Выбрать главу

На мой взгляд, с применением специальных технологий болезнь двигательного нейрона гораздо ближе к хронической, чем к смертельной. Задействуйте технологии – и в конце концов вас убьет не БДН, а заболевание сердца или рак.

Но почему тогда так много людей умирает так рано? Похоже было, что большинство пациентов по той или иной причине просто не пытались остаться в живых, используя достижения инженерной мысли. Возможно, они не слышали об этой возможности? Или им не предложили ее, потому что это дорого? Или они просто не хотели продолжать жить?

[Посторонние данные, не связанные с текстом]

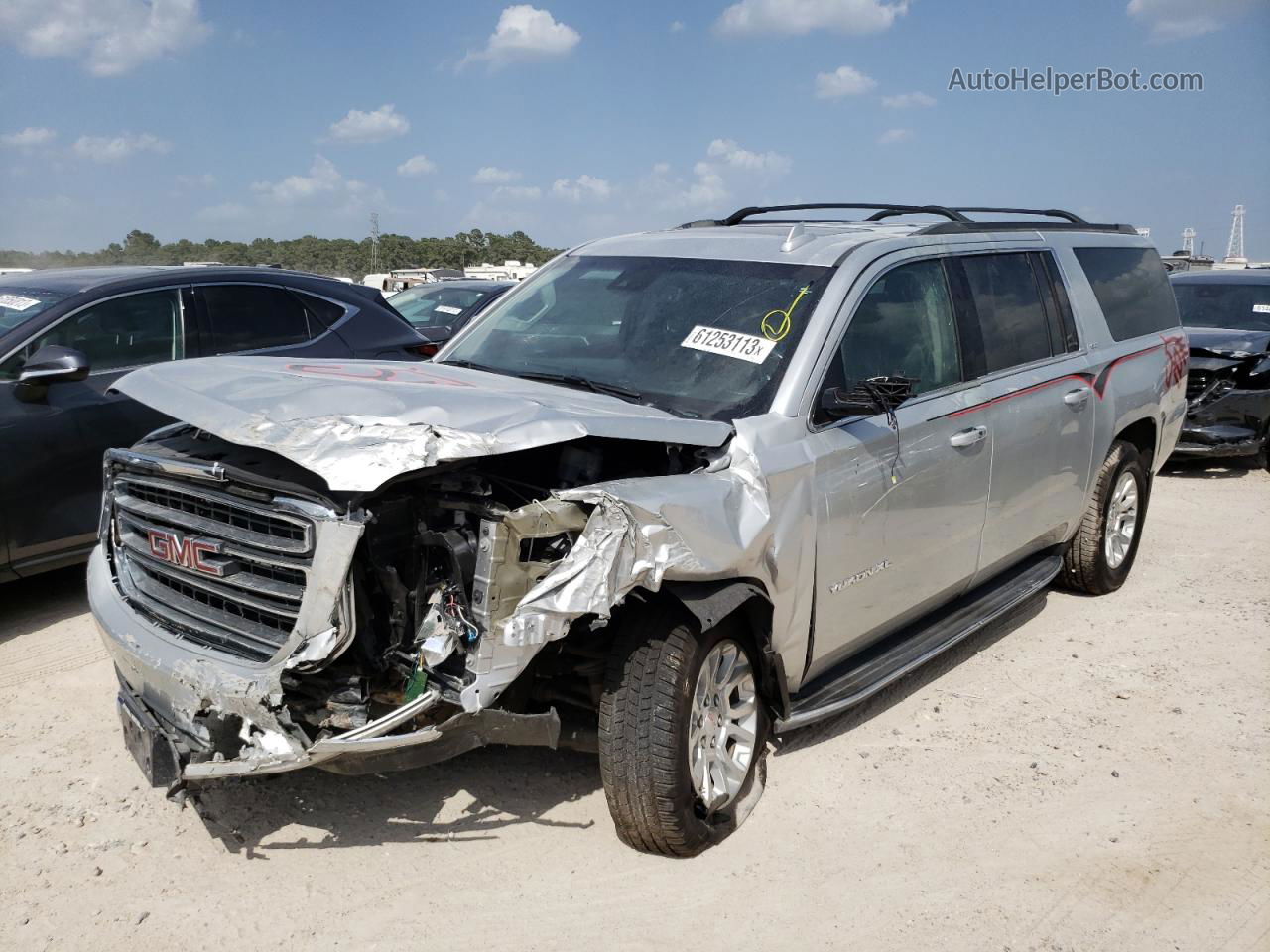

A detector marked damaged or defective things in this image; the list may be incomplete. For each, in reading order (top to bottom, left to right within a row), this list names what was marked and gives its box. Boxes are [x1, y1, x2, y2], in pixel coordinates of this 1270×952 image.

crumpled hood [119, 355, 738, 492]
smashed front end [1175, 343, 1270, 460]
crumpled hood [1183, 327, 1270, 357]
damaged gmc suv [91, 204, 1191, 861]
smashed front end [91, 424, 746, 789]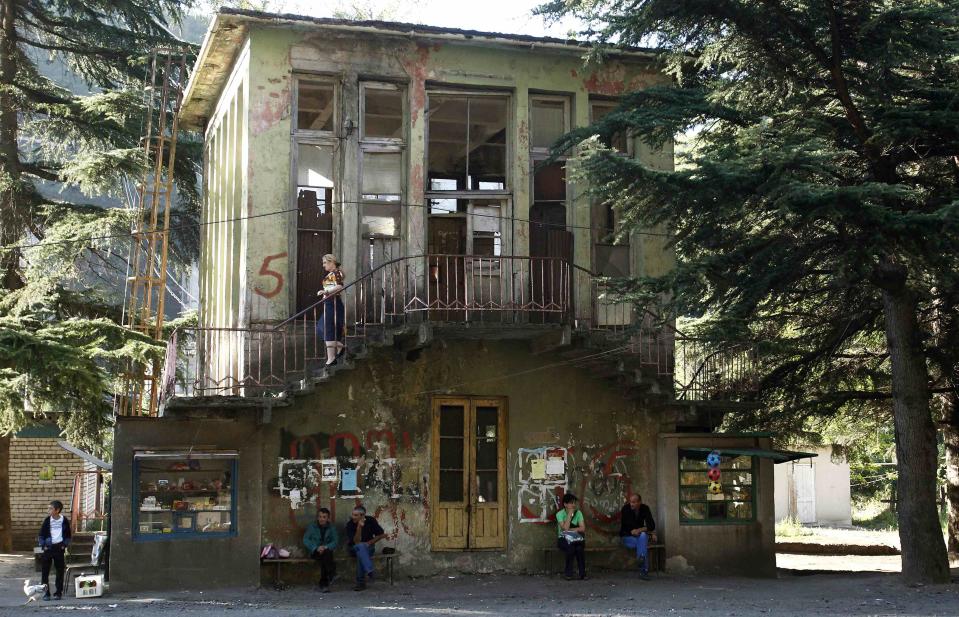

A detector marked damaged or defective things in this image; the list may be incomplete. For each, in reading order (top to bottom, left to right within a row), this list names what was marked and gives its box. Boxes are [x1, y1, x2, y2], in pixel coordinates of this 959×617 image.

broken window [296, 80, 338, 133]
broken window [362, 83, 404, 140]
broken window [362, 152, 404, 238]
green peeling paint wall [201, 23, 676, 322]
broken window [430, 92, 510, 190]
broken window [588, 98, 632, 153]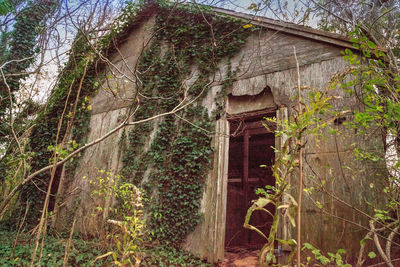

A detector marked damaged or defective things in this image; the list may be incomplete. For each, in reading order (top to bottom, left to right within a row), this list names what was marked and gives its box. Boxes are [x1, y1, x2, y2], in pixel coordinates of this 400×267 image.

rusted red door [225, 114, 276, 249]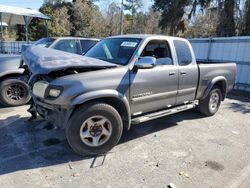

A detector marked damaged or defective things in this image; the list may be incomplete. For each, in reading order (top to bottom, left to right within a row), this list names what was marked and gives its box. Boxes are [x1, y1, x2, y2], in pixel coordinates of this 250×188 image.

crumpled hood [22, 46, 117, 74]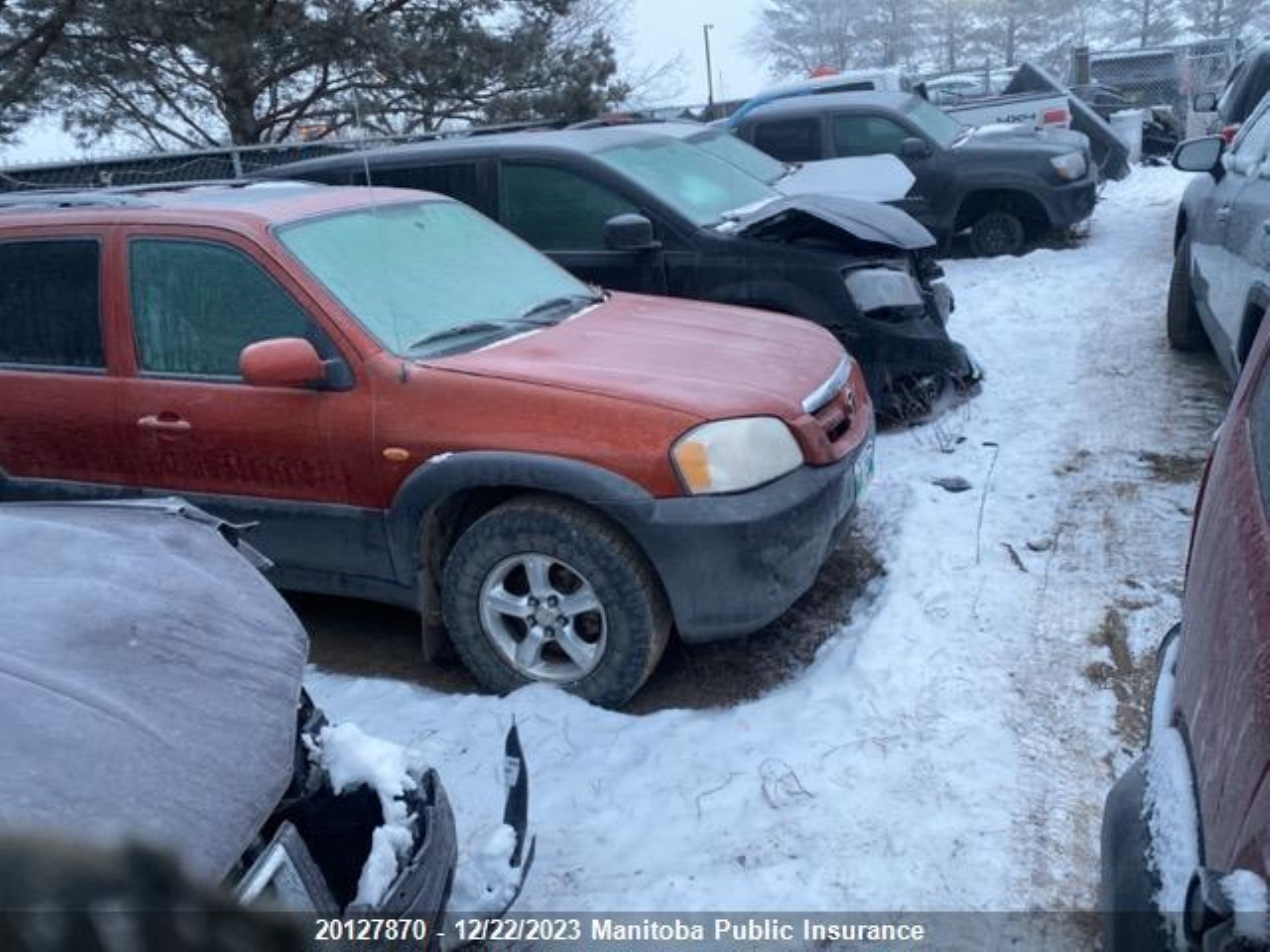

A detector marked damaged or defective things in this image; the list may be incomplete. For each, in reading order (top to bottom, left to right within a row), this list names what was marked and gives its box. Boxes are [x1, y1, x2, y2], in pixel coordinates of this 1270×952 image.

wrecked black car [266, 126, 984, 420]
damaged hood [437, 292, 841, 422]
damaged hood [722, 191, 933, 251]
damaged hood [778, 155, 917, 202]
damaged hood [0, 502, 306, 881]
wrecked black car [0, 498, 532, 936]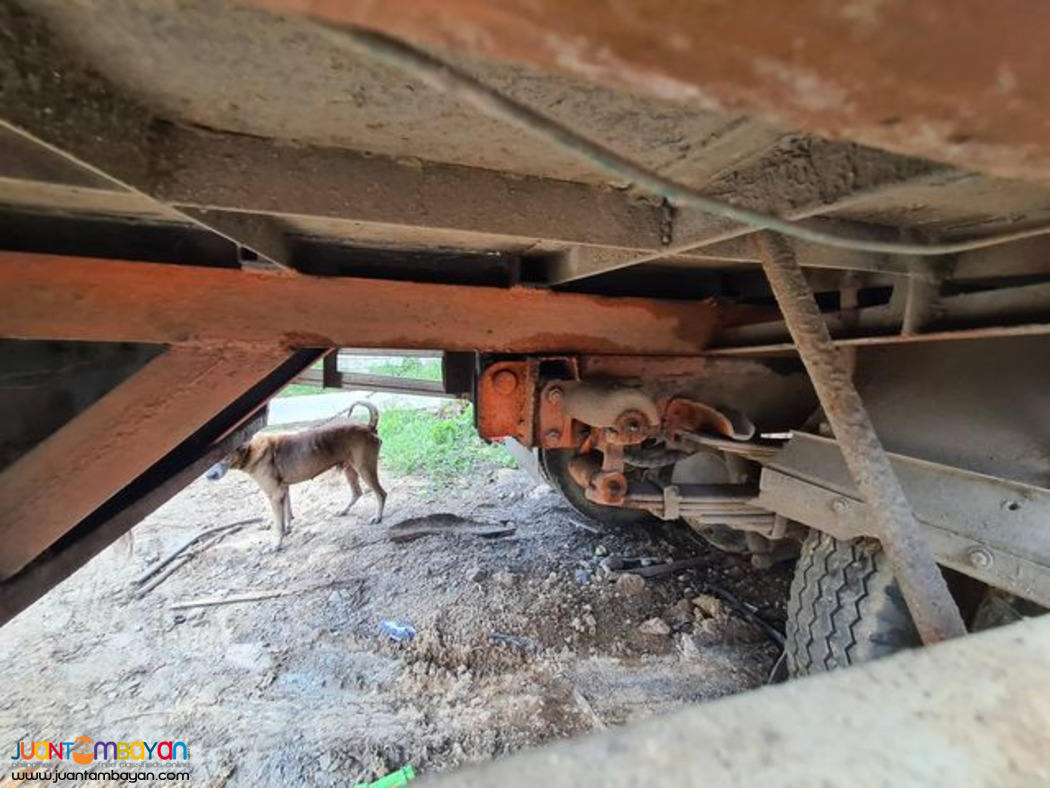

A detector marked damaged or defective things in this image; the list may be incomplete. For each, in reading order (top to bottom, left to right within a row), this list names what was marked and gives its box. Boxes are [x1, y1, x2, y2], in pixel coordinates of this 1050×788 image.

rusty steel beam [252, 0, 1048, 183]
rusty steel beam [0, 252, 732, 354]
rusty steel beam [0, 344, 290, 580]
rusty steel beam [752, 229, 968, 648]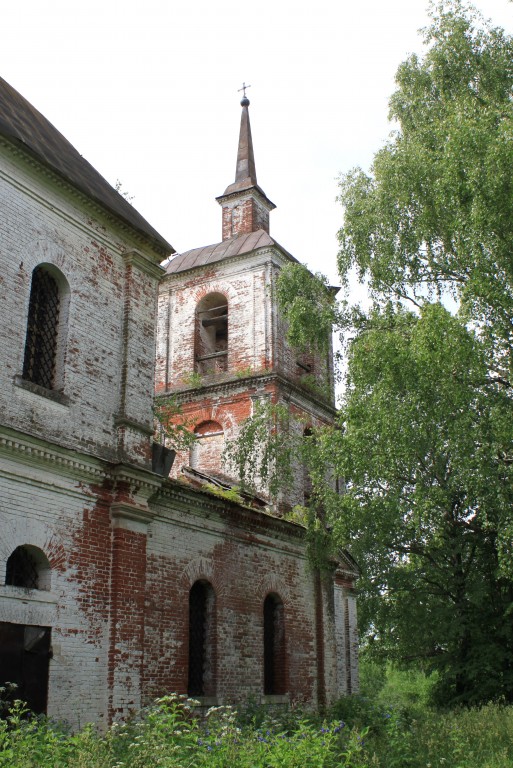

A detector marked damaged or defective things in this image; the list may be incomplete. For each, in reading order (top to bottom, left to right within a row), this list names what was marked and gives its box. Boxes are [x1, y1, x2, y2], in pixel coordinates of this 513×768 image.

broken window grate [22, 270, 60, 390]
broken window grate [5, 544, 39, 592]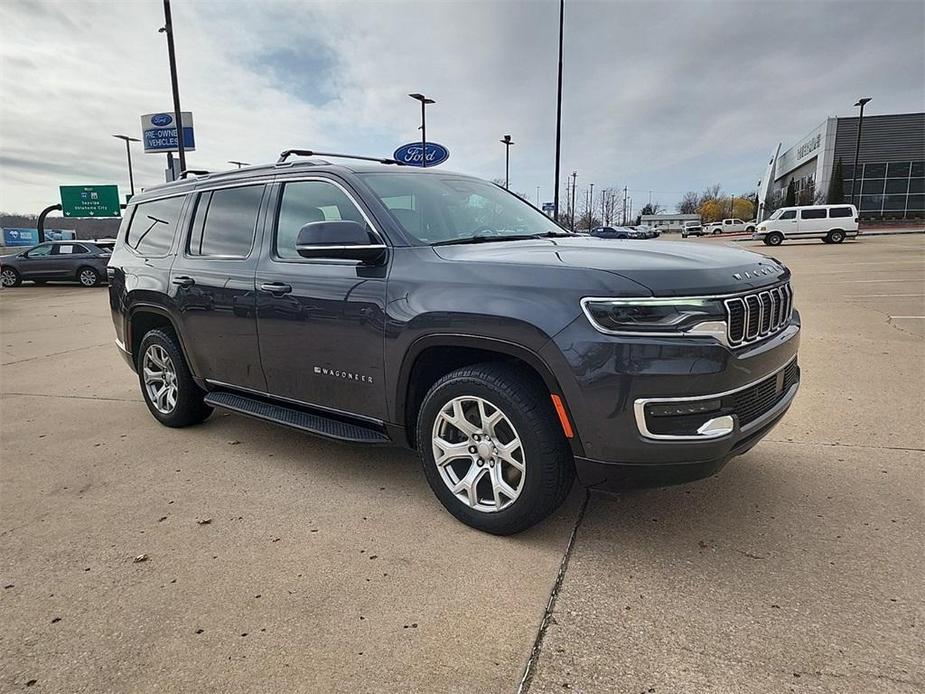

Последнее я даже мог понять. Болезни двигательного нейрона по-настоящему жестоки, так уж сложилось. Аппараты искусственного жизнеобеспечения могли бы поддерживать пациента, но он фактически оказывался заперт внутри собственного тела, сохранив лишь возможность исследовать глазами довольно однообразные просторы больничного потолка. Однако техника шагнула далеко вперед, и все изменилось. Новейшие достижения науки заставляют даже Стивена Хокинга выглядеть заурядным. Ни для кого не секрет: все меняется. Неужели они не знали?

Глубже погружаться в тему я не стал. Каким бы увлекательным ни было это расследование, оно имело мало отношения к диагностированному у меня ПЛС. И все-таки – не шло у меня из головы. Поделиться этими абсолютно бесполезными в текущей ситуации и потрясающими (лично для меня) открытиями мне было не с кем, поэтому как-то вечером за бокалом красного вина я подробно рассказал Франсису о своих размышлениях. Выходит, несмотря на оглушающие (и лживые) прогнозы выживаемости, человек, твердо решивший жить дальше с болезнью двигательного нейрона, скорее всего, преуспеет. Франсис согласился, что не обнародовать эту информацию странно. Но гораздо важнее – понять, почему данных о ПЛС так мало.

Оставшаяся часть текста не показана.